WHAT YOU SHOULD DO: Beginning with the line that holds "800 Rockbridge Road" and finishing with the line that holds "Chaqueta impermeable negra", repeat the listing exactly, leaving every picture out.

INFORMATION GIVEN:
_____

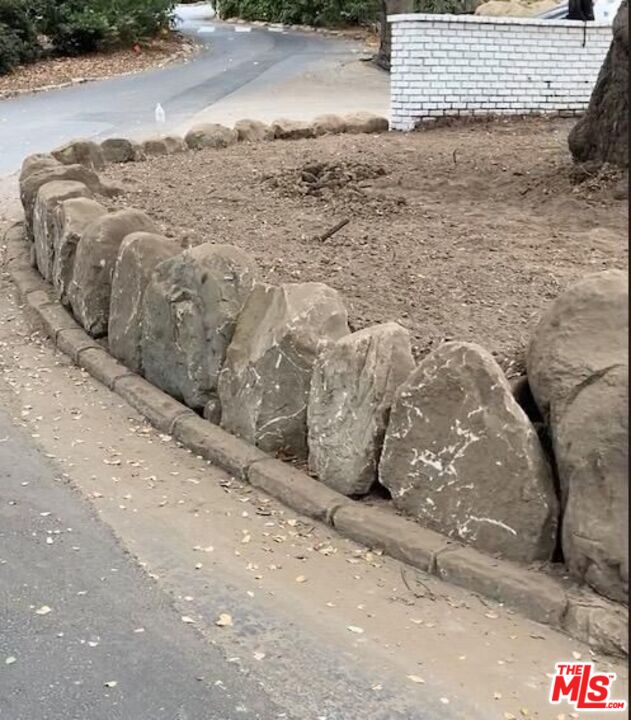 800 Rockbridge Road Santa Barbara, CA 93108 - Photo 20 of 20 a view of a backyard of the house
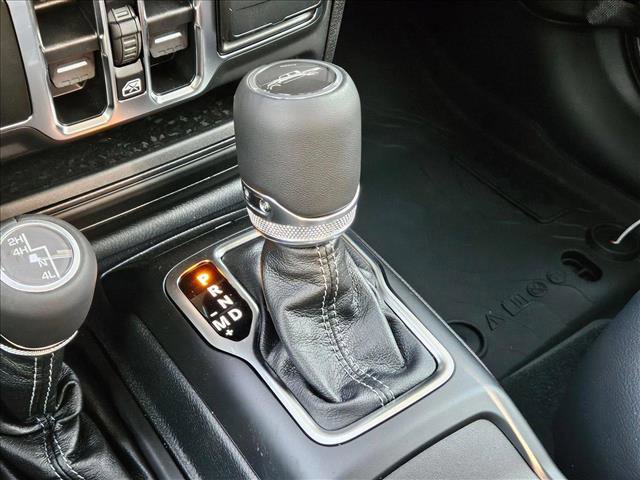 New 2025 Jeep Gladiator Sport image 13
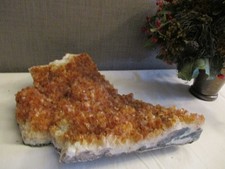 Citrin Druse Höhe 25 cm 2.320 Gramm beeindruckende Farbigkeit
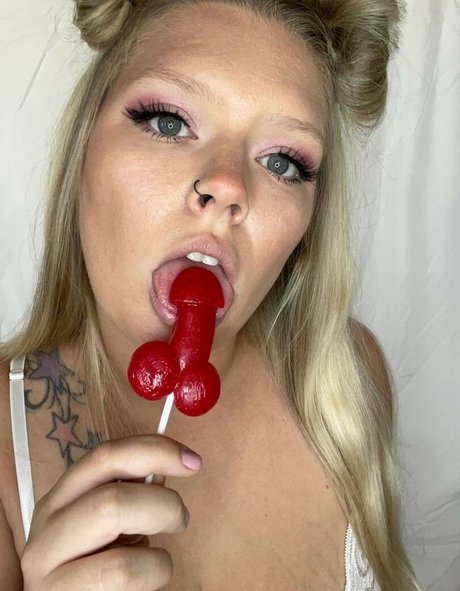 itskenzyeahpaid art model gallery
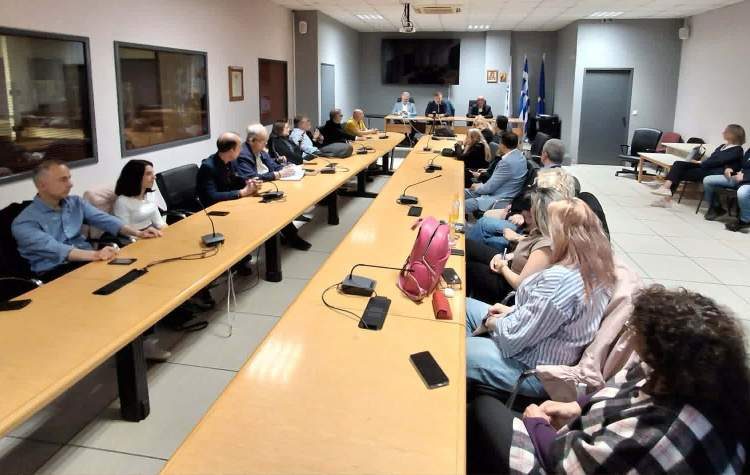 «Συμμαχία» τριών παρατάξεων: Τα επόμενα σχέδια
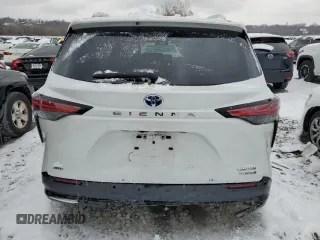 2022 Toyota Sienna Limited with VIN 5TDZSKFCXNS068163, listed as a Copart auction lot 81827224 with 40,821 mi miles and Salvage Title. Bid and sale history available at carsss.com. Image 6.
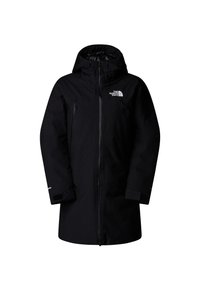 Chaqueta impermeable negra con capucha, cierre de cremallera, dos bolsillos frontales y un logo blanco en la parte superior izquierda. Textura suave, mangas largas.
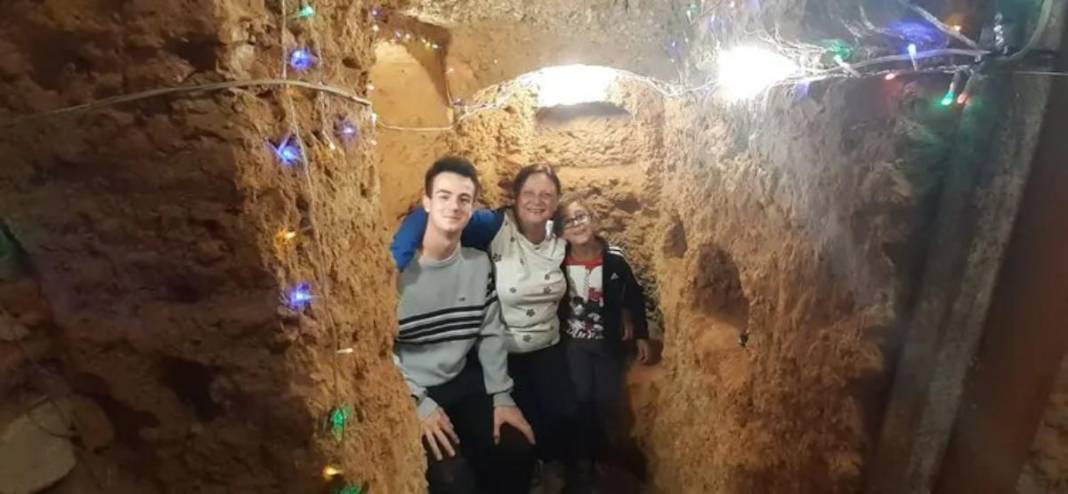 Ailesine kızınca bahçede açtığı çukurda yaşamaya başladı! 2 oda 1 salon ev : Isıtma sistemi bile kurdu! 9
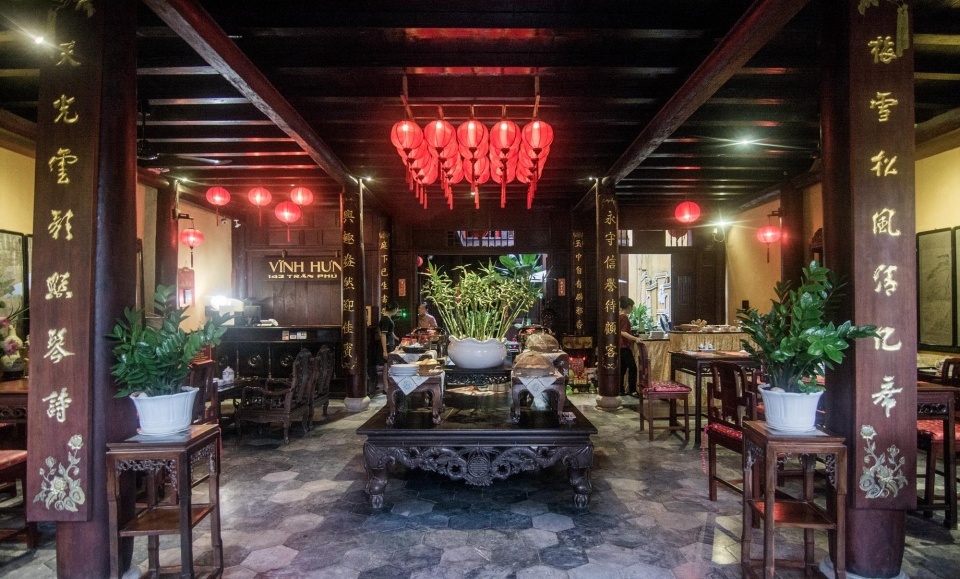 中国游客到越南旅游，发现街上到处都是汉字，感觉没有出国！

_____

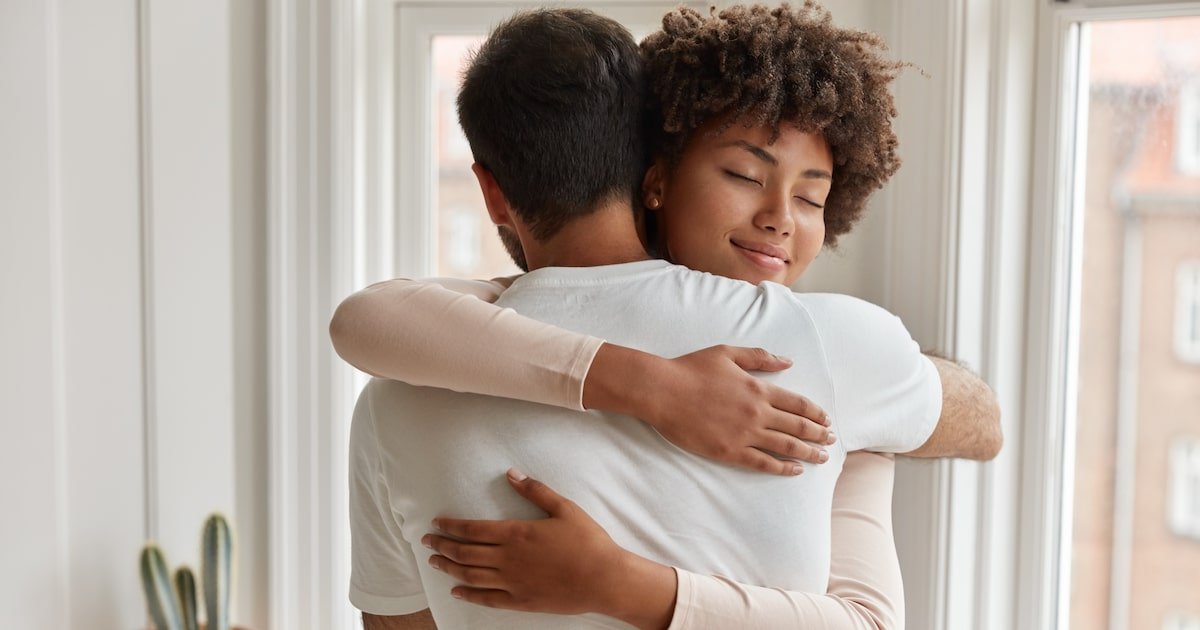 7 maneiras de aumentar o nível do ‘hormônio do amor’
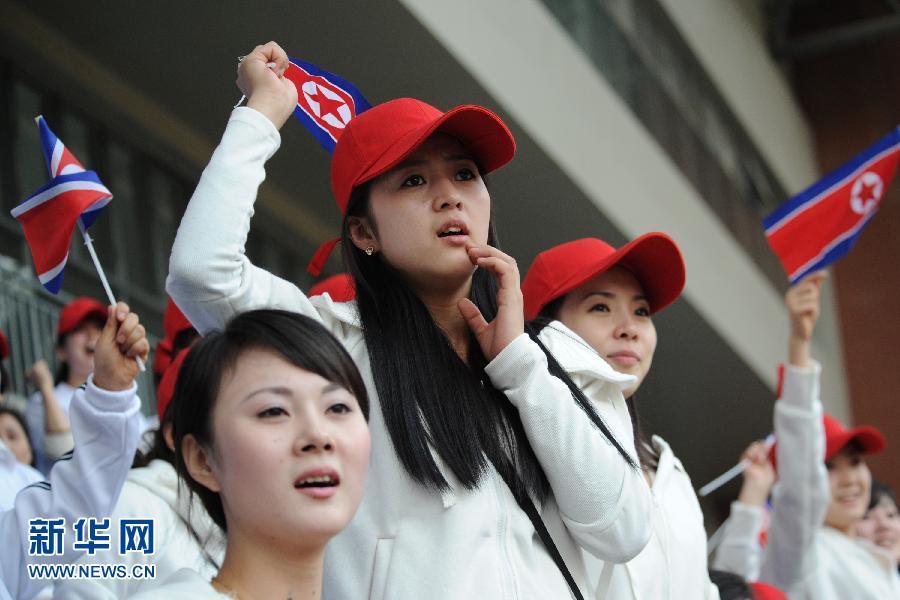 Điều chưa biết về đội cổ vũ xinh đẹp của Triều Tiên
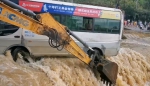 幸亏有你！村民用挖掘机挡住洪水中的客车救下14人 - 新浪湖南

_____

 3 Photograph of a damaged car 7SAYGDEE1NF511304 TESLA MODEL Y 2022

_____

RESPONSE TO THE EXERCISE:
 800 Rockbridge Road Santa Barbara, CA 93108 - Photo 20 of 20 a view of a backyard of the house
 New 2025 Jeep Gladiator Sport image 13
 Citrin Druse Höhe 25 cm 2.320 Gramm beeindruckende Farbigkeit
 itskenzyeahpaid art model gallery
 «Συμμαχία» τριών παρατάξεων: Τα επόμενα σχέδια
 2022 Toyota Sienna Limited with VIN 5TDZSKFCXNS068163, listed as a Copart auction lot 81827224 with 40,821 mi miles and Salvage Title. Bid and sale history available at carsss.com. Image 6.
 Chaqueta impermeable negra con capucha, cierre de cremallera, dos bolsillos frontales y un logo blanco en la parte superior izquierda. Textura suave, mangas largas.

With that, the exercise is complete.